Video games, right? Sometimes their "culture" has "issues." I guess every medium goes through a phase - sort of like music did when rock 'n' roll started or literature did in the rise of the "populist" novel. I can't help but feel like these things are big issues for people living very different lives to my own. I can't really get behind most of these issues because I struggle to see why they're issues at all. Let's have a look.
1. The Unfortunate Practical Consequences of Video Game Reviews are Not the Fault of Reviews or Reviewers
Apparently some video game developers or publishers, basically the bosses, see scores on Metacritic and such and go "Eight out of ten? Better fire that whole team then." And that sucks. But it's not the fault of the review. Beyond the fact that I think in the present day games rise and fall based on hype and marketing rather than reviews, the fact of the matter is that that situation is the fault of the skewed priorities of businesses and the nature of neoliberal economics. It doesn't matter why a game got slagged off - maybe it was accused of being buggy, maybe it was accused of being sexist, whatever - if people lose their jobs, it's not the review or reviewer's fault. Imagine if Stephen Moffat was surfing the web and saw my review of Robot of Sherwood where I basically said it wasn't very good and thought "Well that's going to devalue the Doctor Who brand, better fire Mark Gatiss then." I feel as if I probably wouldn't be to blame.
2. Criticism, no matter how polemic, is not an Attack, and even if it is, it Doesn't Matter
Let's just say for example that an item of criticism argues that certain recurring elements in video games normalise and desensitise people to violence. I'm dancing around the issue here by going for violence, but I think that's for the best. Let's say an article or what have you says that all these pugnacious male protagonists in video games normalise male violence. Does that mean that the author is saying you, if you are a male person, are violent, predisposed to violence or becoming accepting of violence? No, it's just trying to say that it might be a trend in society. Let's say a critic comes out and says violent video games with male protagonists represent the fact that all men are naturally violent. So what, again? People make stupid generalisations all the time - I'm constantly impressed by the relentless quantity of them that I read in the comments sections of articles I irresistibly view through the trending section of Facebook to remind myself that much of the human race is pointlessly horrible and wilfully ignorant. Even the most vituperative critic doesn't know you personally. Until such time as that kind of criticism causes you to be ostracised by your friends, family, colleagues and so forth or gets you locked up - which is to say when hell freezes over - it doesn't matter.
3. Critics can't force anything to happen and aren't trying to anyway
Like I said, criticism is just criticism: just words, intended to persuade, perhaps, but not authoritative. I've seen it argued, bizarrely, that critical theory is a force of "social engineering." It's not. Empiricism can be - hopefully for the better, but that rather depends on the ideology behind it.
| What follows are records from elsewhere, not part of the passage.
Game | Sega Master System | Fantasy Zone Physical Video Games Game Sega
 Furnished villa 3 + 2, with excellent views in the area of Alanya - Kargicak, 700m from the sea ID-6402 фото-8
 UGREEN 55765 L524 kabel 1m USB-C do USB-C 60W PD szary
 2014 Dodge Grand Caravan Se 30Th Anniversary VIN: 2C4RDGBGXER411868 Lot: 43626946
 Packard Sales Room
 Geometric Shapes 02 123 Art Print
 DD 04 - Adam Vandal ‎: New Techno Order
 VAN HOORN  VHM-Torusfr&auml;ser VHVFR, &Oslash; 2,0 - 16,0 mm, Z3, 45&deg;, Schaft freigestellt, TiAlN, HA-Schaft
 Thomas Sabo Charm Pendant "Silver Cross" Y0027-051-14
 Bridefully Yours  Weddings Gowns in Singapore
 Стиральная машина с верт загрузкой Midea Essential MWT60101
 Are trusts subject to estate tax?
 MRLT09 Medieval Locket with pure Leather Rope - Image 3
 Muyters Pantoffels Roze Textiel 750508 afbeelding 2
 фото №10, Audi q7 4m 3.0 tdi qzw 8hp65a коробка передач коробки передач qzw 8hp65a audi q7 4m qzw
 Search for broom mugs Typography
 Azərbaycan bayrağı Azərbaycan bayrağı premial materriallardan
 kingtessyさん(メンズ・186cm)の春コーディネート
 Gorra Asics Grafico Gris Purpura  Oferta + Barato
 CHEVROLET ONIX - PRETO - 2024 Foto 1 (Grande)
In any event it's not forcing games to be made a certain way, or for people to behave a certain way, it's just commentary. Even people being lambasted on social media doesn't equate to censorship, and it works both ways too.
4. Video games being 'entertainment' doesn't mean anything
Entertainment means different things to different people. Video games aren't obliged to be "just entertaining", whatever that means, certainly not according to a narrow "just having fun" definition of entertainment. They can be as moralising or meaningful or philosophical or intellectual as they want. Even games as products, which is in fact most of them, are going to provide for a consumer base that they think will turn the most profit. If a for-profit video game (again, most of them) "panders" to a particular political agenda, for example, it's only because they think it will make them more money, not because they're trying to shape society. Even if they are, you don't have to listen. I think a big part of this has to do with an anti-intellectual streak in certain parts of society who think that because they don't understand or aren't interested in discourse (or take it too personally, see above) then it shouldn't exist. Why not?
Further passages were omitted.